Please also check if you can “ping flc1” from the FL server docker. If not, you can add an entry “10.65.199.142 flct1” in the /etc/hosts.

Hi yuhongw,

Yes, --net=host is present on the server script. Hence, we are able to connect to the server as shown.

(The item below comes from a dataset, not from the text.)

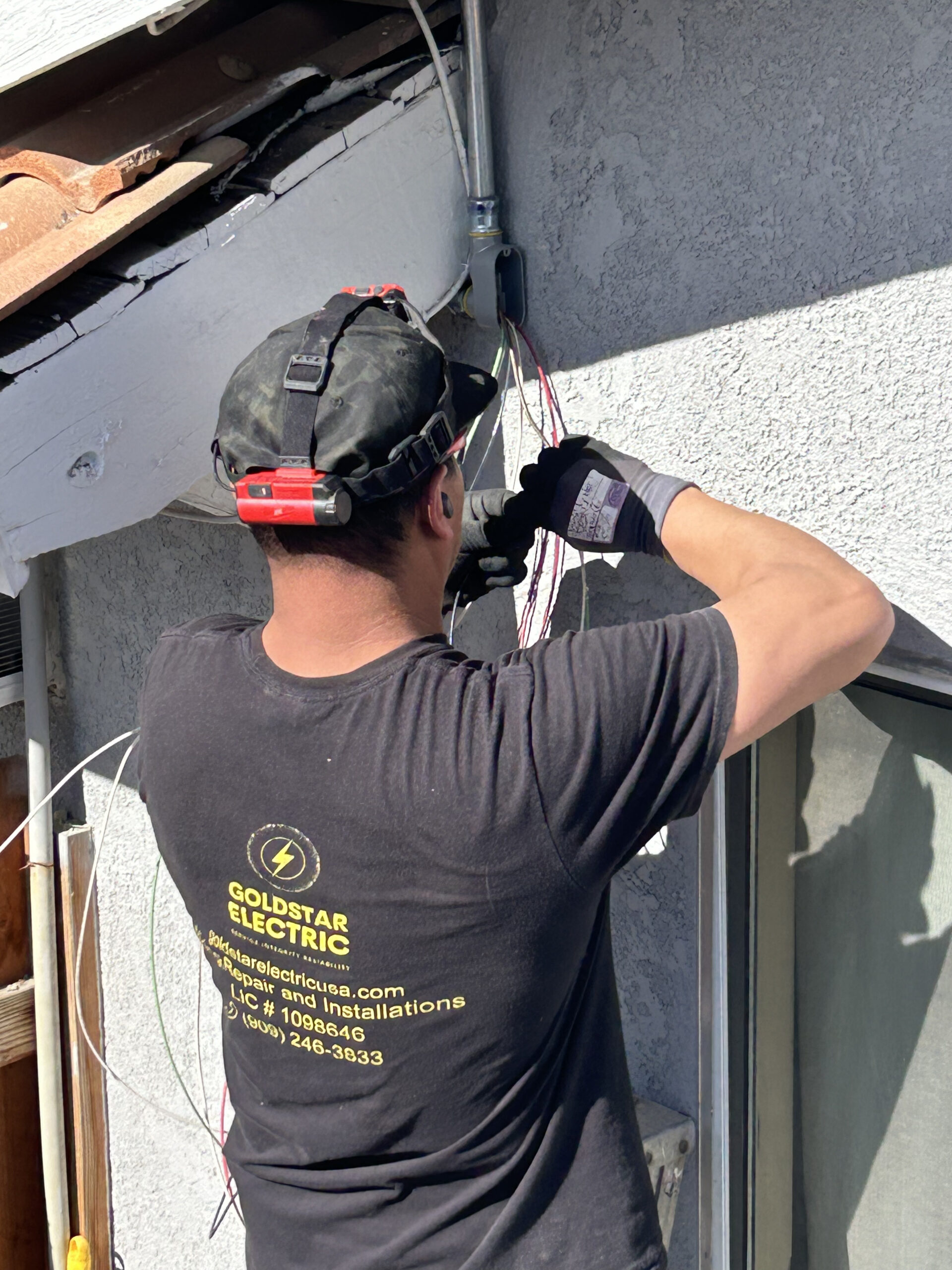 Professional residential electrician performing a safe electrical installation for Gold Star Electric.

Please note, flc1 is our server machine. This entry has been added to the /etc/hosts file as below:

/etc/hosts on server
10.65.199.142 flc1

/etc/hosts on client
10.65.199.142 flc1

Pinging flc1 on server (loopback)
ping flc1

PING flc1 (10.65.199.142) 56(84) bytes of data.
64 bytes from flc1 (10.65.199.142): icmp_seq=1 ttl=64 time=0.045 ms
64 bytes from flc1 (10.65.199.142): icmp_seq=2 ttl=64 time=0.022 ms
64 bytes from flc1 (10.65.199.142): icmp_seq=3 ttl=64 time=0.022 ms
64 bytes from flc1 (10.65.199.142): icmp_seq=4 ttl=64 time=0.022 ms

--- flc1 ping statistics ---
4 packets transmitted, 4 received, 0% packet loss, time 3072ms

Pinging flc1 on client

ping flc1
PING flc1 (10.65.199.142) 56(84) bytes of data.
64 bytes from AMD-4U-8GPU (10.65.199.142): icmp_seq=1 ttl=64 time=0.284 ms
64 bytes from AMD-4U-8GPU (10.65.199.142): icmp_seq=2 ttl=64 time=0.256 ms
64 bytes from AMD-4U-8GPU (10.65.199.142): icmp_seq=3 ttl=64 time=0.245 ms

--- flc1 ping statistics ---
3 packets transmitted, 3 received, 0% packet loss, time 2026ms

I will be retrying the provisioning tool and will update if I see any difference. However, the issue doesn’t seem to be with the networking as such as we have tested this setup previously with CLARA FL 3.1.

Hi yuhongw,

Have you got a chance to try this out? Please advice if any thoughts.

Thank you

Hi Siddharth,

Have you tried re-generate the server and client packages using the provisioning tool? What’s your results using the new packages?

Hi yuhongw,

Seems to be working well on regeneration. I believe this was an intermittent error. Thank you for your help!